Tutorials
TabbyAPI Quick Start: Deploy an OpenAI-Compatible Local API Server
Download, configure, and run TabbyAPI as a lightweight OpenAI-compatible inference server for local LLMs on Linux and Windows.

TabbyAPI Quick Start: Deploy an OpenAI-Compatible Local API Server
TabbyAPI is a lightweight, Rust-based inference server that exposes an OpenAI-compatible API for local language models. If you want a minimal, fast backend that follows the OpenAI API format closely, this is worth evaluating alongside the bigger toolkits.
What makes TabbyAPI different
TabbyAPI is built around speed and API compliance. It uses ExLlamaV2 and Llama.cpp backends, keeps memory overhead low, and provides the standard `/v1/chat/completions` and `/v1/completions` endpoints without requiring extensions or additional configuration.

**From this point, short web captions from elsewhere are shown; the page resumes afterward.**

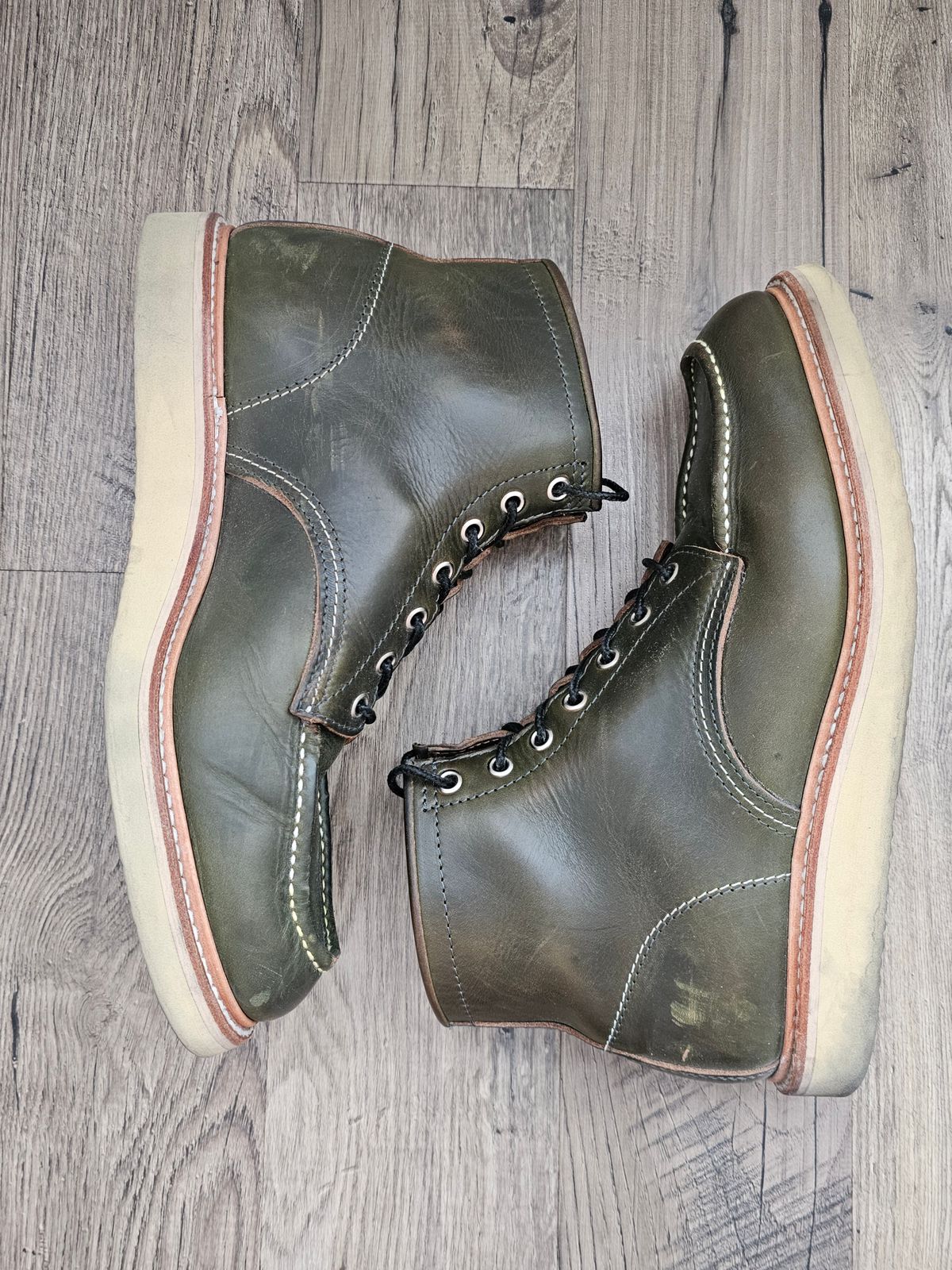 Photo by cgbaird2 on March 2, 2024 of the Jamvaida Japanese Moc Toe in Horween Olive Chromexcel.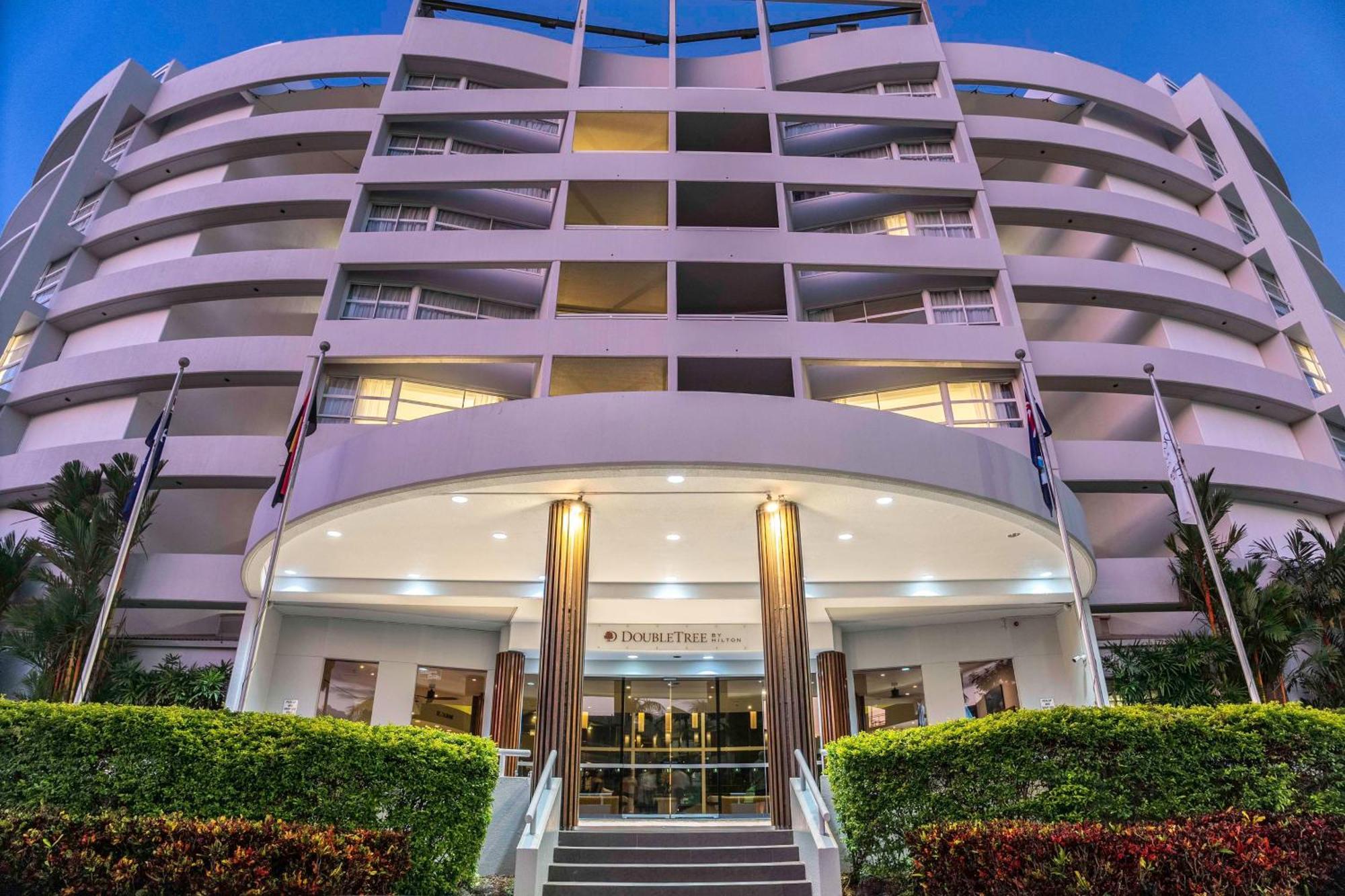 Doubletree By Hilton Cairns Hotel Eksteriør billede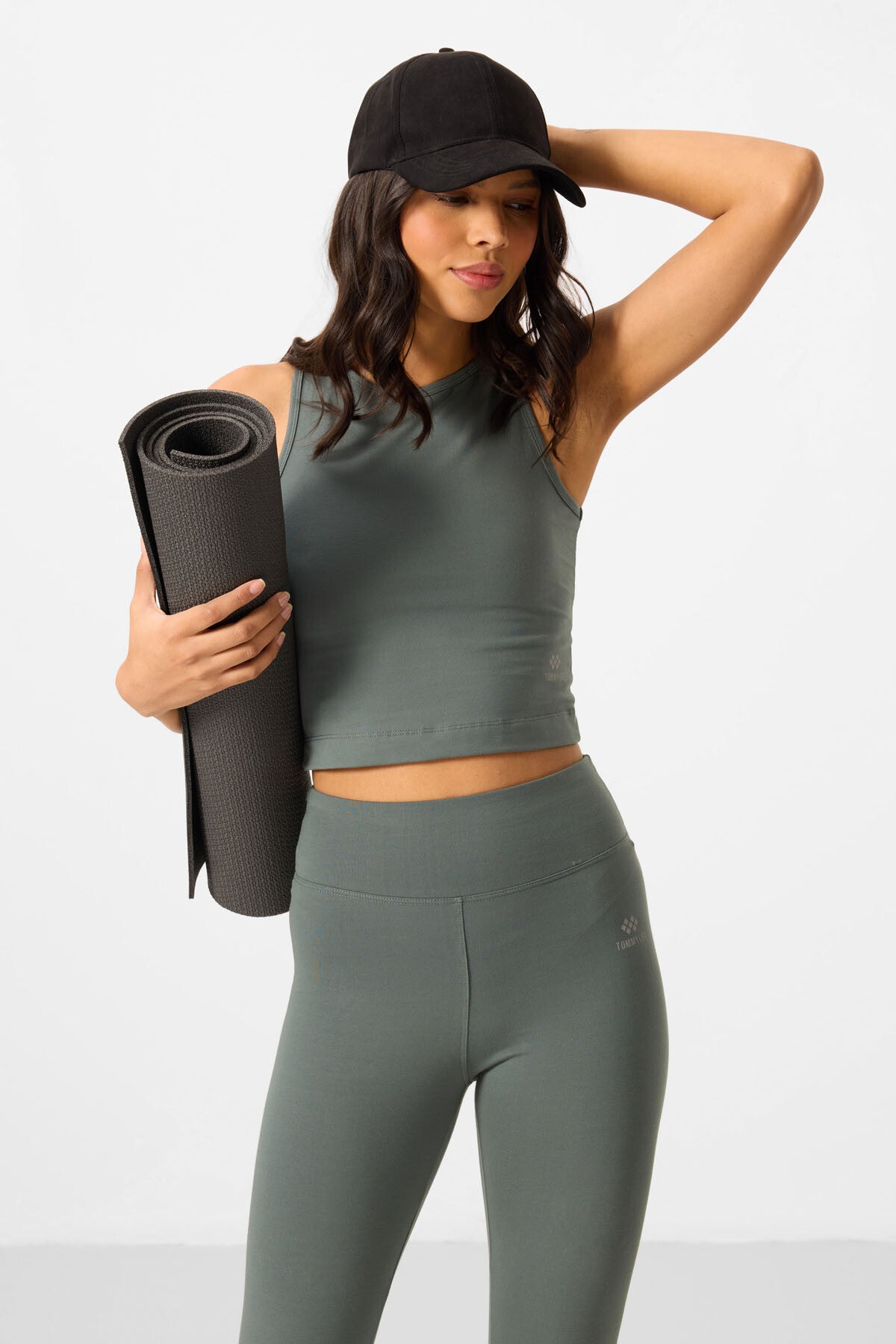 Image of Çağla Yüksek Bel Kapri-Crop Atlet Slim Fit Kadın Tayt Takım - 95284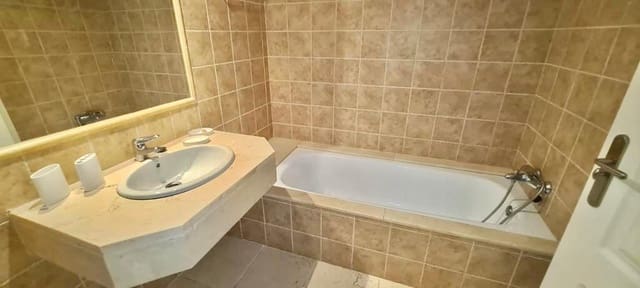 2 Zimmer Apartment zu vermieten in La Alquería, Estepona mit Pool Garage - 2.500 € (Ref: 8370552)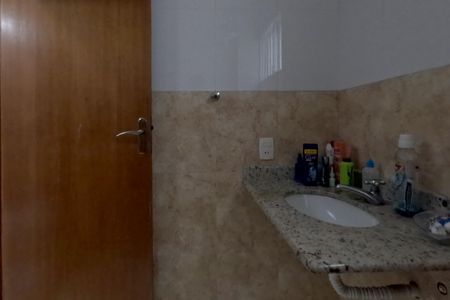 Casa para alugar com 290m², 4 quartos e 3 vagasBanheiro da Suíte 1 - 1º Piso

For a broader comparison of local servers, see TabbyAPI vs text-generation-webui.
Installation
Download the pre-built binary from the releases page or build from source with Cargo. On Linux, the binary is self-contained and requires only the CUDA or ROCm runtime for GPU acceleration. Place the binary in a directory on your `PATH` for convenient access.
Configure and run
Create a configuration file specifying the model path, backend (ExLlamaV2 or Llama.cpp), and inference parameters. TabbyAPI loads the model during startup and begins listening on the configured port.
First inference test
Once the server is running, send a test request with curl:
```bash
curl http://localhost:8000/v1/chat/completions \
-H "Content-Type: application/json" \
-d '{"model":"default","messages":[{"role":"user","content":"Hello"}]}'
```
Connect to Open WebUI
TabbyAPI works directly with Open WebUI as an OpenAI-compatible backend. In Open WebUI's admin settings, add a new OpenAI connection pointing to `http://localhost:8000/v1`. Models served by TabbyAPI will appear in the model selector.
Read Open WebUI Setup for Local Documents for the full interface configuration.
Performance tuning
Batch size and context length
Adjust the batch size and maximum context length in the configuration file to match your GPU memory. Larger batches improve throughput for concurrent requests; longer context windows increase memory usage per request.
Keep multiple models ready
TabbyAPI supports loading multiple model configurations and switching between them via API calls. You can keep a fast model for simple queries and a larger model for complex reasoning tasks.
Conclusion
TabbyAPI fills a specific niche: a fast, minimal OpenAI-compatible server for local LLMs. If you value API compliance and low overhead over a web interface and extensions, it is a strong choice for the inference layer of your local AI stack.
FAQ
Is TabbyAPI production-ready?
It is stable enough for personal and team use, but review the project's readiness documentation for your specific deployment context.
Does TabbyAPI support function calling?
OpenAI-compatible function calling is supported when using the ExLlamaV2 backend with a model that supports tool-use format.
Can TabbyAPI run on CPU only?
Yes, via the Llama.cpp backend, though GPU inference is significantly faster.